## Material provided
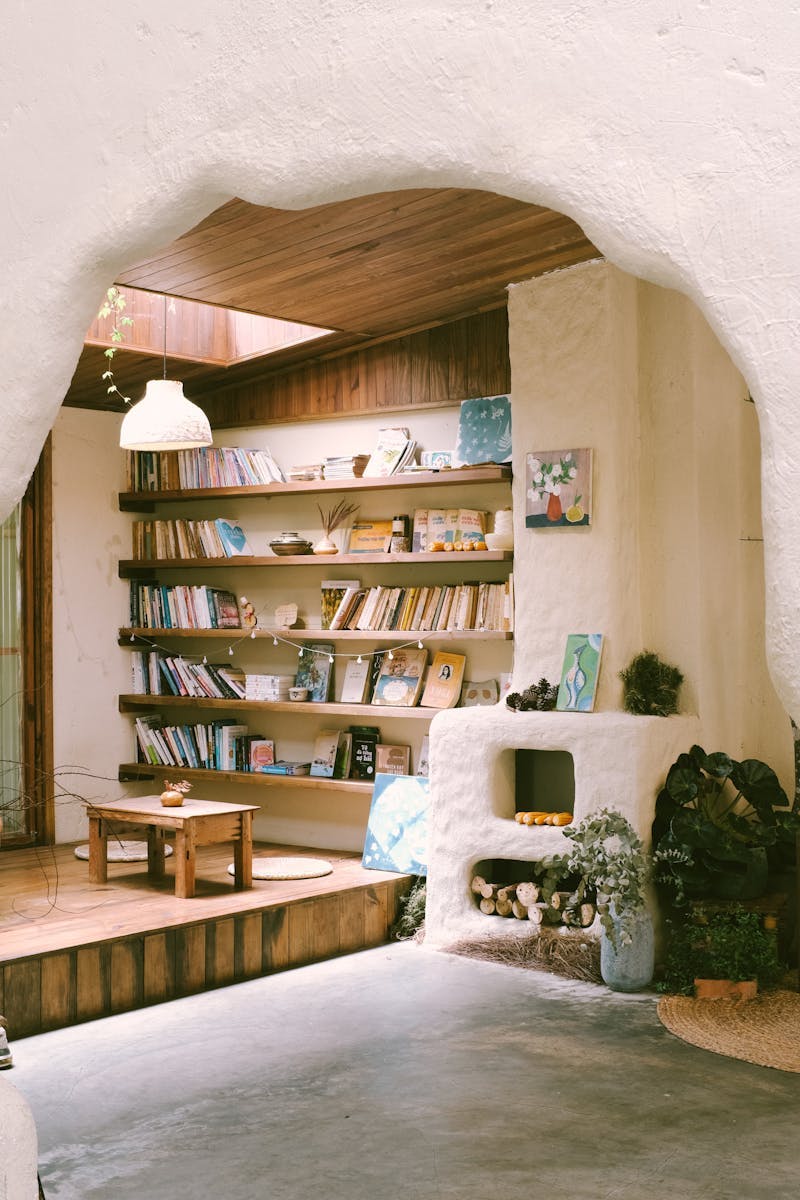 Free stock photo of bookshelf, coffee, home decoration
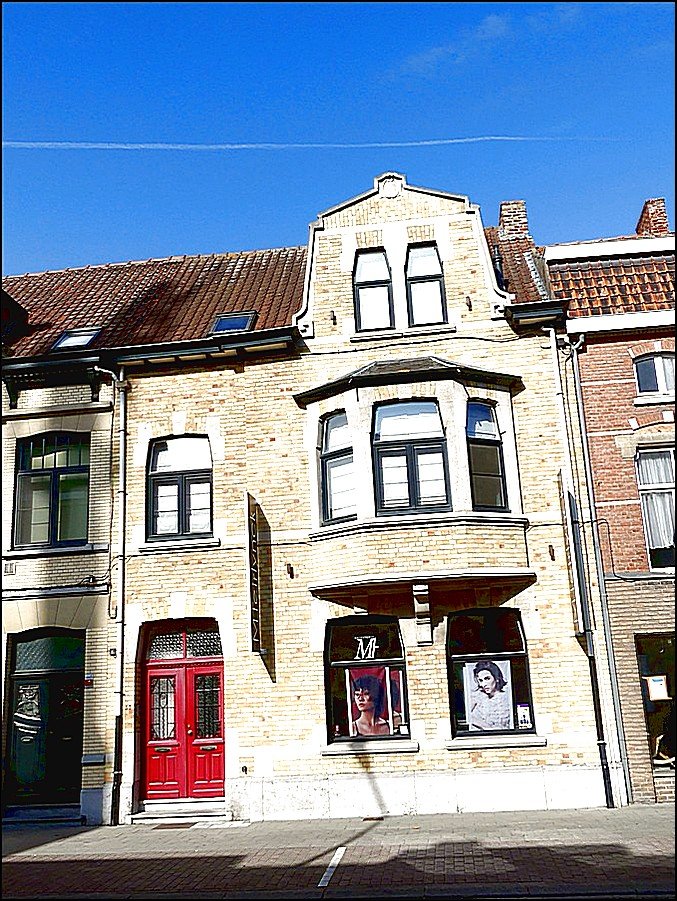 Voorgevel van rijwoning Mechelen te Mechelen waar een  plaatsbeschrijving bij huur werd uitgevoerd. 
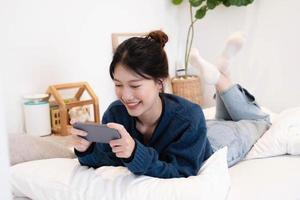 Beautiful woman using a smart phone in the morning on the bed at home photo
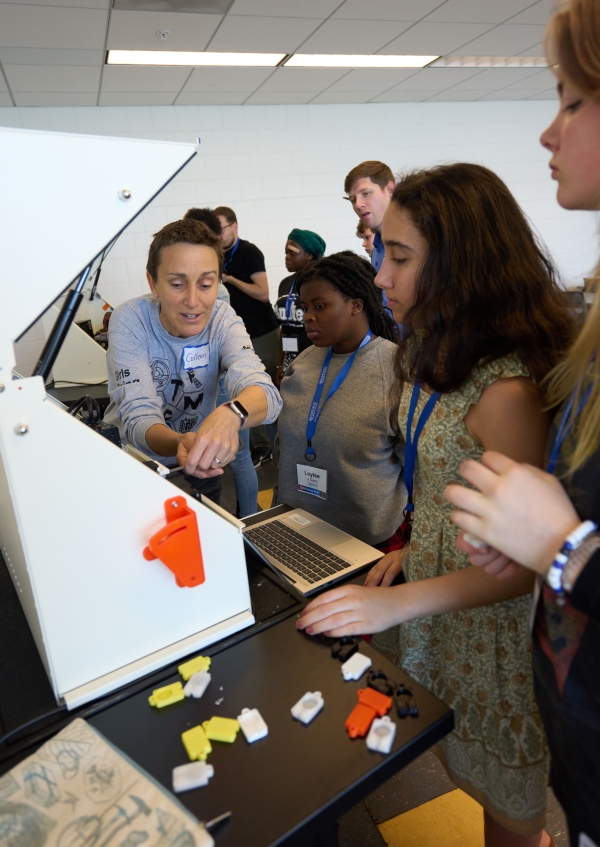 Stevens works with students during the Micron-sponsored "Girls Going Tech" event.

## About this task
Begin at the line that contains "Beautiful woman using" and transcribe exactly, and only, each line through the final line of the data above, both included; the pictures do not go in.

## Completed exercise
 Beautiful woman using a smart phone in the morning on the bed at home photo
 Stevens works with students during the Micron-sponsored "Girls Going Tech" event.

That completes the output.